(Beginning of AVAILABLE DATA)

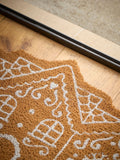 Cox & Cox gingerbread cottage doormat 65x40cm, imported from the UK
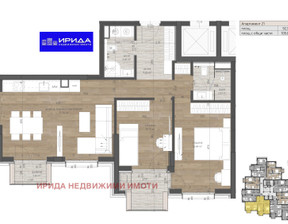 Mieszkanie na sprzedaż, Bułgaria София/sofia Изгрев/Izgrev, 363 623 dolar (1 421 768 zł), 110 m2, 100377643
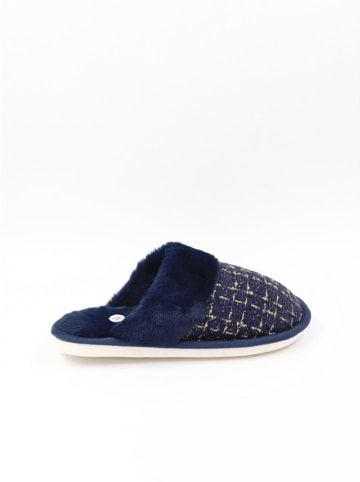 Confly Pantoffels donkerblauw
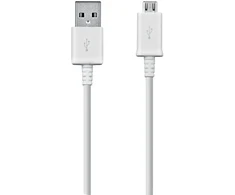 Kabelis USB Samsung USB-A - microUSB 1 m Baltas (ECB-DU4AWE)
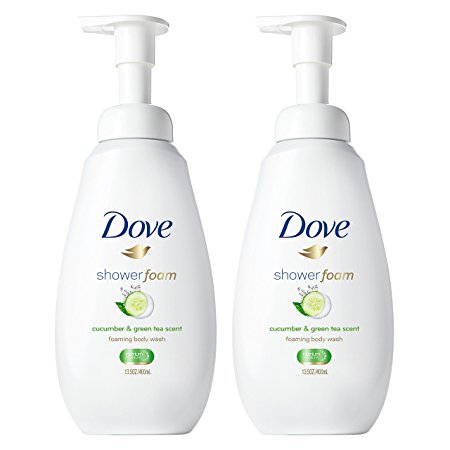 Dove Shower Foam Cucumber & Green Tea Scent 13.5 oz, 2 count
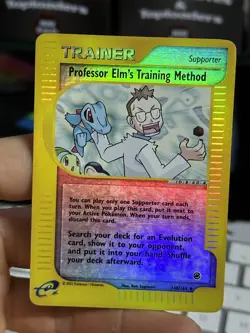 #2 Professor Elm's Training Method 148/165 Expedition 2002 Reverse Holo Pokemon - Image 4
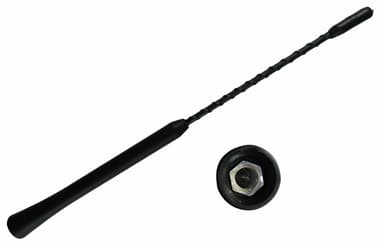 HASTE P/ ANTENA ESPIRAL UNIVERSAL 3 ENCAIXES M6/M5/M4 CINOY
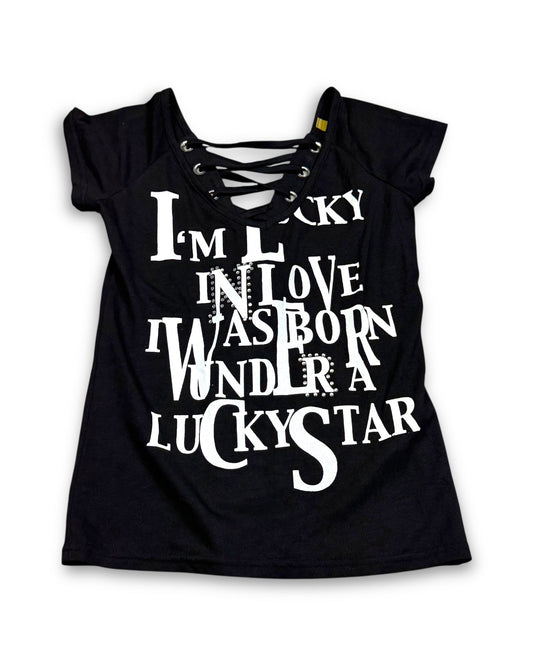 2000‘s L.A. Glitter Shirt Women‘s Top (M) - Lennys Vintage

(End of AVAILABLE DATA)

**TASK BRIEF:**
Would you repeat the material above exactly, line for line, from its first line to the line with "Kabelis USB Samsung", including both and skipping every picture?

**YOUR SOLUTION:**
 Cox & Cox gingerbread cottage doormat 65x40cm, imported from the UK
 Mieszkanie na sprzedaż, Bułgaria София/sofia Изгрев/Izgrev, 363 623 dolar (1 421 768 zł), 110 m2, 100377643
 Confly Pantoffels donkerblauw
 Kabelis USB Samsung USB-A - microUSB 1 m Baltas (ECB-DU4AWE)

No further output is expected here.